Output begins at the line with "Libro An Economic" and ends at the last line of the records below. Copy each line in that span exactly, and leave out pictures.

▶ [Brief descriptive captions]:
↓↓↓

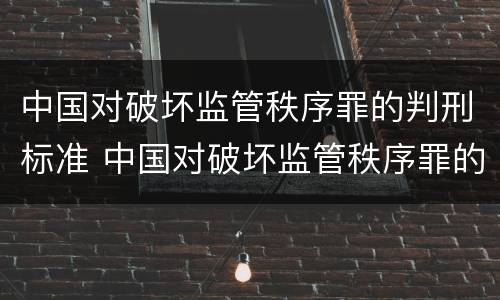 中国对破坏监管秩序罪的判刑标准 中国对破坏监管秩序罪的判刑标准是多少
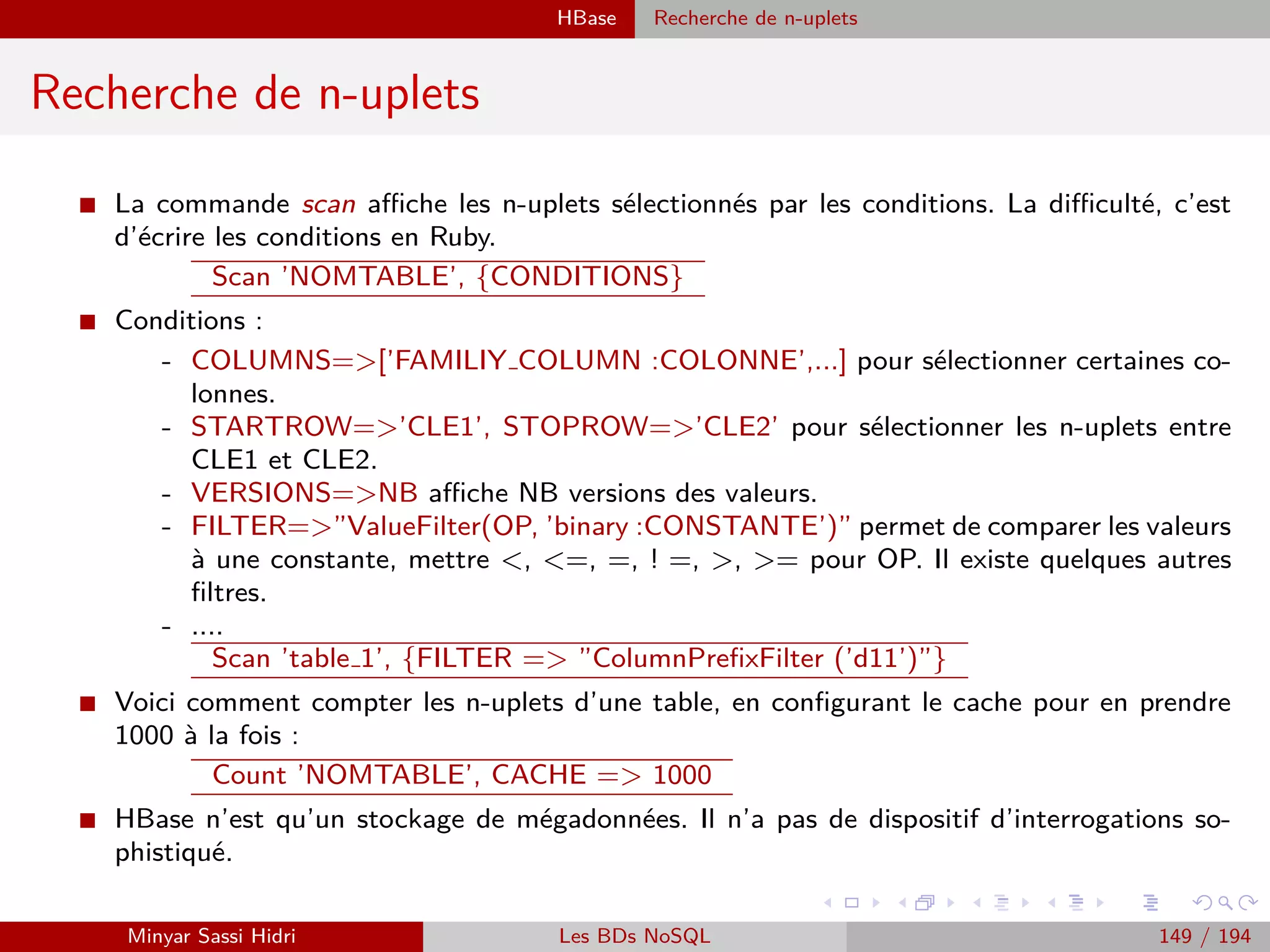 Hadoop Streaming
Streaming - Reduce
I Lorsqu’on développe un programme Reduce Hadoop dans un autre langage
pour son utilisation avec l’outil streaming, les données d’entree et de sortie
doivent être la aussi lues/ecrites sur stdin et stdout (respectivement).
I En entrée du script ou programme Reduce, on aura une série de lignes : des
couples (key,value) au format : Key[TABULATION]Value.
I Les couples seront triés par clé distincte, et la clé répétée à chaque fois. Par
ailleurs, on est susceptible d’avoir des clés diﬀérentes au sein d’une seule et
même exécution du programme reduce.
I En sortie du script ou programme Reduce, on doit écrire des couples (key,value),
toujours au format Key[TABULATION]Value.
Remarque : d’ordinaire, on écrira évidemment un seul couple (key,value) par
clé distincte.
Minyar Sassi Hidri Technologies pour le Big Data 148 / 227
 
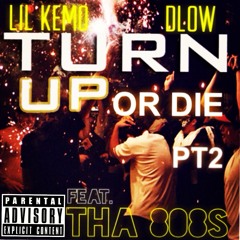 (STIX & KHEMISTRY) x (KEMO & DLOW) x Turn Up Or Die pt 2 #2017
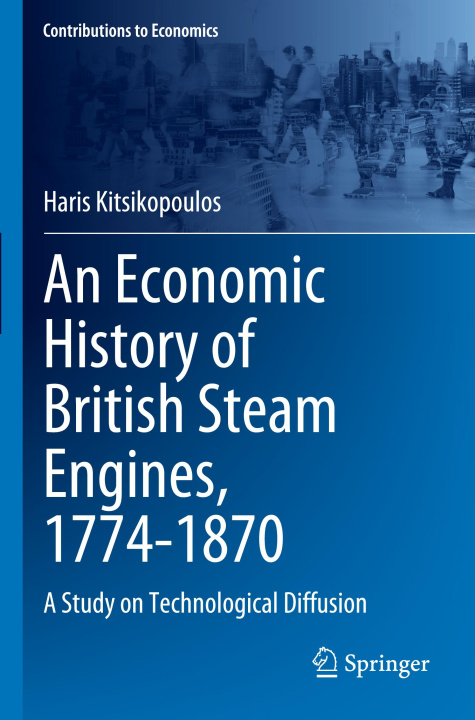 Libro An Economic History of British Steam Engines, 1774-1870 Haris Kitsikopoulos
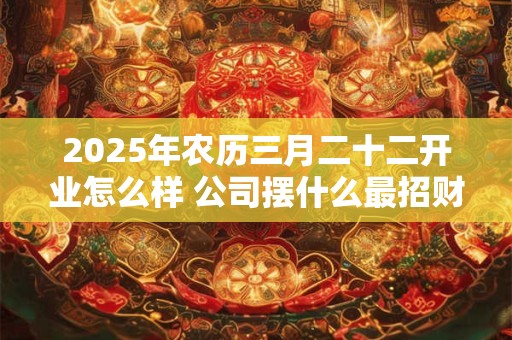2025年农历三月二十二开业怎么样 公司摆什么最招财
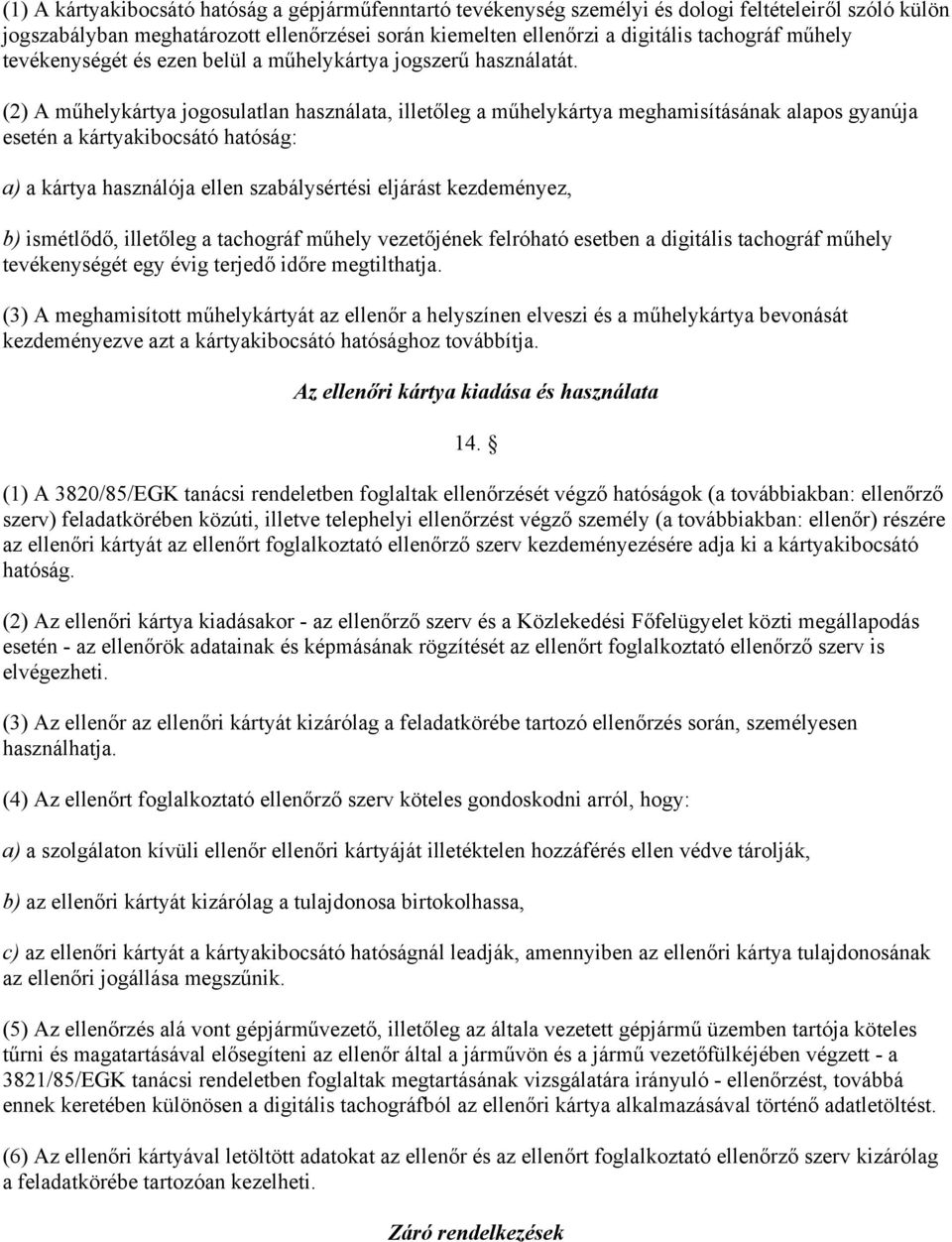 (2) A műhelykártya jogosulatlan használata, illetőleg a műhelykártya meghamisításának alapos gyanúja esetén a kártyakibocsátó hatóság: a) a kártya használója ellen szabálysértési eljárást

↑↑↑

▶ [OUTPUT FOR THIS EXERCISE]:
 Libro An Economic History of British Steam Engines, 1774-1870 Haris Kitsikopoulos
2025年农历三月二十二开业怎么样 公司摆什么最招财
 (2) A műhelykártya jogosulatlan használata, illetőleg a műhelykártya meghamisításának alapos gyanúja esetén a kártyakibocsátó hatóság: a) a kártya használója ellen szabálysértési eljárást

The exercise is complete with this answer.